Diese merkwürdige Erscheinung steht insofern nicht isoliert da, als die gesamte Kultur der Maya, Azteken, Quiché und Inka zahlreiche Analogien zur orientalischen Welt darbietet - es sei nur beispielsweise an die Kultgebräuche, an das Kalenderwesen und die Astrologie, an die Schrift (peruanische Knotenschrift, aztekische Bilderschrift), an den Kunststil (Pyramiden, Hakenkreuz als Ornament) und an die staatlichen Einrichtungen (Kastenwesen im Inkareiche) erinnert.

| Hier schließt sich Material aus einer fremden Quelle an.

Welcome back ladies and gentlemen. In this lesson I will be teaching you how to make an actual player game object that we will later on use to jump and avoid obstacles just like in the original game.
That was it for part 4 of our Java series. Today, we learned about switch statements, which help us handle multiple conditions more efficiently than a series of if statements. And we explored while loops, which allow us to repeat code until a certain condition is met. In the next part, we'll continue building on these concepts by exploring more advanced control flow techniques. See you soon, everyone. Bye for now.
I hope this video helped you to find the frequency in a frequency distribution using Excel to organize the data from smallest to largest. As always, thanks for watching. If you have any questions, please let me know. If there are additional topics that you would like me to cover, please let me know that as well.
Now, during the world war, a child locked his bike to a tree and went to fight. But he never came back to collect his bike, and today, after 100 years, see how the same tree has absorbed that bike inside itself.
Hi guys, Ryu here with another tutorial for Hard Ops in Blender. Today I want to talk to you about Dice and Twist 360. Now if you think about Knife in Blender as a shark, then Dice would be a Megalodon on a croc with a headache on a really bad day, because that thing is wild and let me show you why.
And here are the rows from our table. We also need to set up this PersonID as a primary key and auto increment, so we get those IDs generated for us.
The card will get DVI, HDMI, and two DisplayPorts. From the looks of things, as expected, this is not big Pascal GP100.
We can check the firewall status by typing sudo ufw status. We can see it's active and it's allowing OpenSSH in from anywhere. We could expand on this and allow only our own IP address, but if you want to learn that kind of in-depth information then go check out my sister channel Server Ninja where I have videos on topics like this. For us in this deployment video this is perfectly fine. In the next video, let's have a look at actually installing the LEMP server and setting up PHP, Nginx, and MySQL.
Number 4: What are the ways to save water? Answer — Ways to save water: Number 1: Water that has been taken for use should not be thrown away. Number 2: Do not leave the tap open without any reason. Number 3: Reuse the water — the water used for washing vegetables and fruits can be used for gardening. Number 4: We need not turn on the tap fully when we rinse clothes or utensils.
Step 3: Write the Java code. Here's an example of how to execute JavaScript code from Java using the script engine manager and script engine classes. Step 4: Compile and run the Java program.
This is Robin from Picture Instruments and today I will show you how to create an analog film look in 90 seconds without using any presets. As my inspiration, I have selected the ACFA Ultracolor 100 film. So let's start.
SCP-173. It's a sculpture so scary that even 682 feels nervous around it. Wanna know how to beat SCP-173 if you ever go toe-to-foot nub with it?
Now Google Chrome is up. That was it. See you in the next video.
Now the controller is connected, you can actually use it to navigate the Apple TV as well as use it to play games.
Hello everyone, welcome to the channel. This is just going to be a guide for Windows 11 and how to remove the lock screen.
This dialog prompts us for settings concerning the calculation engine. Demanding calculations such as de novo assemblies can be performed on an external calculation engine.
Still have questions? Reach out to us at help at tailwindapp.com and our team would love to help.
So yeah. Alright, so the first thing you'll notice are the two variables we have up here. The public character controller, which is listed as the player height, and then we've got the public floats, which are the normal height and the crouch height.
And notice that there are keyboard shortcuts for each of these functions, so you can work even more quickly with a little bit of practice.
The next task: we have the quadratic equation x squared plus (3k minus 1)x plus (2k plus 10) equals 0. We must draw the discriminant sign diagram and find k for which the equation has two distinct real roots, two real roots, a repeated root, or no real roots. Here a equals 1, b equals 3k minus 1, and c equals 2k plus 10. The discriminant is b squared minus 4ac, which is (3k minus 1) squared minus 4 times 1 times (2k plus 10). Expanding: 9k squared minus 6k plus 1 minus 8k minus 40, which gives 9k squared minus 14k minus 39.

Relativ am besten bekannt ist bis jetzt die Medizin der Azteken, welche jedenfalls zur Zeit der Eroberung Mexikos auf eine sehr lange Entwicklung zurückblickte. Die altmexikanische Heilkunst lag damals in den Händen eines selbständigen, Aerztestandes, der in Mediziner engeren Sinnes und Chirurgen zerfiel, von denen die Aderlasser eine niedrigere Kategorie bildeten; die Geburtshilfe übten die, in besonderem Ansehen stehenden Hebammen aus, das Sammeln der Simplicia besorgten Arzneikrämer, welche auf dem Markte ihre Heilkräuter, Salben und Wässerchen feilboten. Wo das empirische Können versagte, traten eigene Zauberärzte auf den Plan, welche Meister in der Technik des Suggestivverfahrens waren. Besonders hervorzuheben ist es, daß die alten Mexikaner Hospitäler (speziell für invalide Krieger) und Pflegestätten für Unheilbare besaßen.
Der erste theoretische Unterricht dürfte in den Kollegien der Priesterschaft erteilt worden sein, welche als Trägerin des Kultus und der Wissenschaft (Himmelskunde, Astrologie, Geschichte, Naturkenntnis u. a.) die Erziehung leitete; die praktische Ausbildung, welche der Jünger meist vom Vater empfing, bezog sich auf die Krankheitslehre, Heilmittelzubereitung und Tätigkeit am Krankenbette. Besonders bemerkenswert ist es, daß die Mexikaner, bei denen die beschreibenden Naturwissenschaften zu bedeutender Blüte gelangten (die botanischen und zoologischen Klassifikationen sind höchst anerkennenswert, zur Förderung der Studien dienten unter anderem Menagerien), botanische Gärten besaßen, welche sich durch die Mannigfaltigkeit der Medizinalpflanzen auszeichneten; dieselben dienten den Aerzten zu Studienzwecken, und wie ernst man dabei verfuhr, beweist die Tatsache, daß man sogar kolorierte Pflanzenatlanten zusammenstellte. Wohl eher auf Kuriositätenliebhaberei als auf wissenschaftliche Bestrebungen ist es zurückzuführen, daß Montezuma sich in seinem Palast eine lebende pathologische Sammlung hielt, in Gestalt von Mißgeburten, Lahmen, Buckligen, Zwergen u. s. w. Ueber das Ausmaß der anatomischen Kenntnisse der Azteken läßt sich heute noch kein Urteil abgeben, da der als Quelle allein in Betracht kommende vorhandene anatomische Text eben erst bearbeitet wird.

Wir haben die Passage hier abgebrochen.